PROVIDED MATERIAL:
########################################

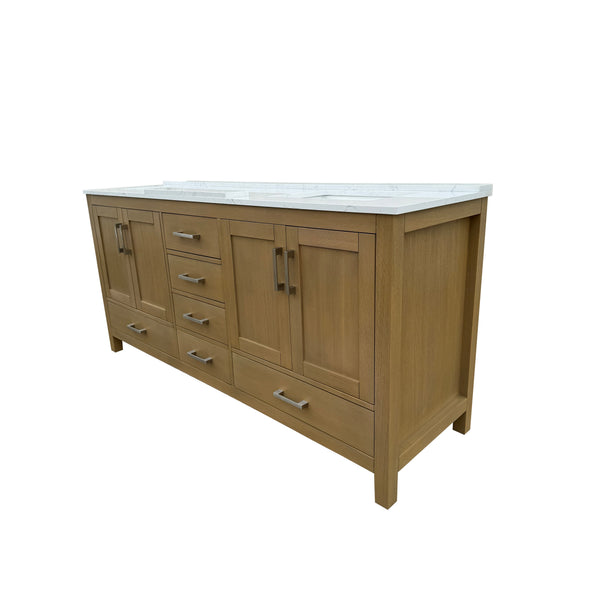 English Elm 72" Oak Double Basin Bathroom Vanity with Soft Close Drawers and Carrara Top T3785P442239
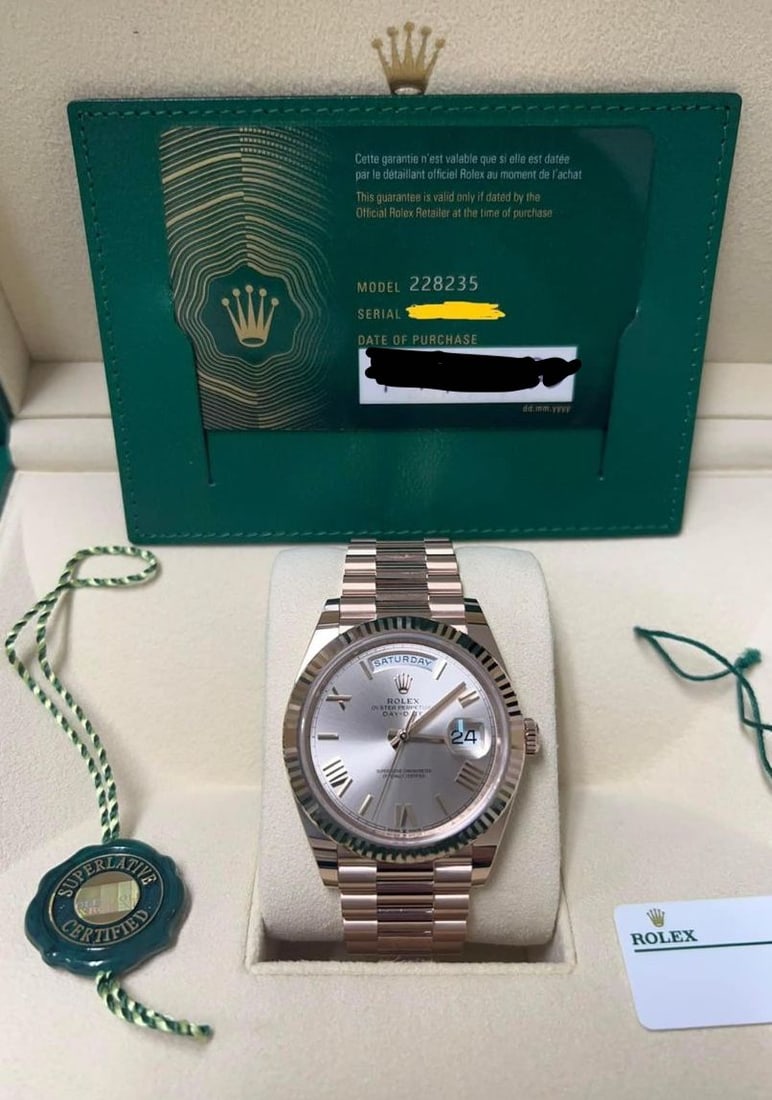 Rolex Day-Date 40mm Rose Gold Sundust Roman Dial Ref 228235 Comes with Box: Rolex Day-Date 40mm Rose Gold Sundust Roman Dial Ref 228235 Comes with Box and Papers #PAPPS12668v8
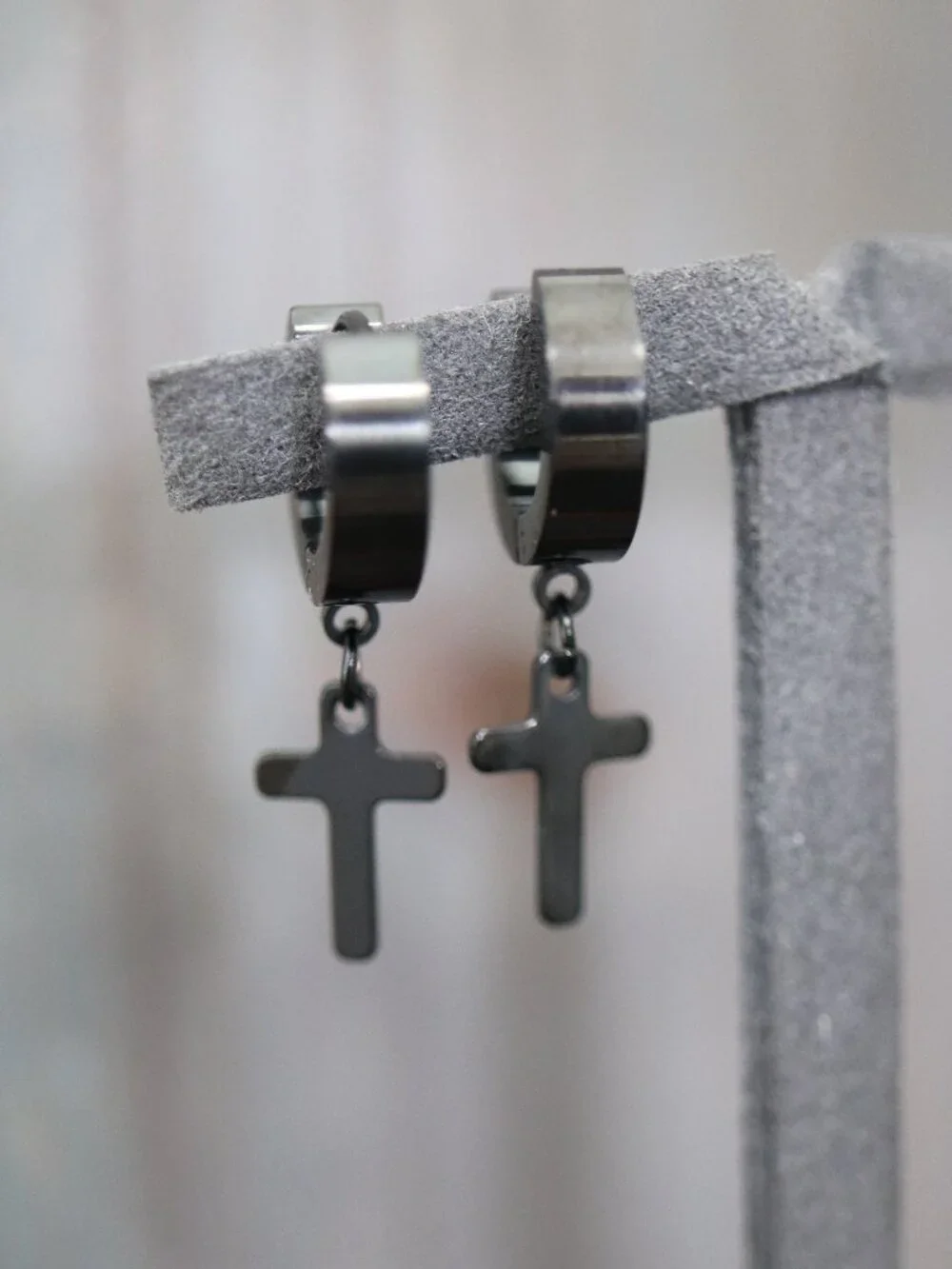 10mm Cross Charm Huggie Dangling Earrings Black Stainless Steel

########################################

The task calls for repeating each line above exactly while excluding the pictures.

THE COMPLETED TASK:
 English Elm 72" Oak Double Basin Bathroom Vanity with Soft Close Drawers and Carrara Top T3785P442239
 Rolex Day-Date 40mm Rose Gold Sundust Roman Dial Ref 228235 Comes with Box: Rolex Day-Date 40mm Rose Gold Sundust Roman Dial Ref 228235 Comes with Box and Papers #PAPPS12668v8
 10mm Cross Charm Huggie Dangling Earrings Black Stainless Steel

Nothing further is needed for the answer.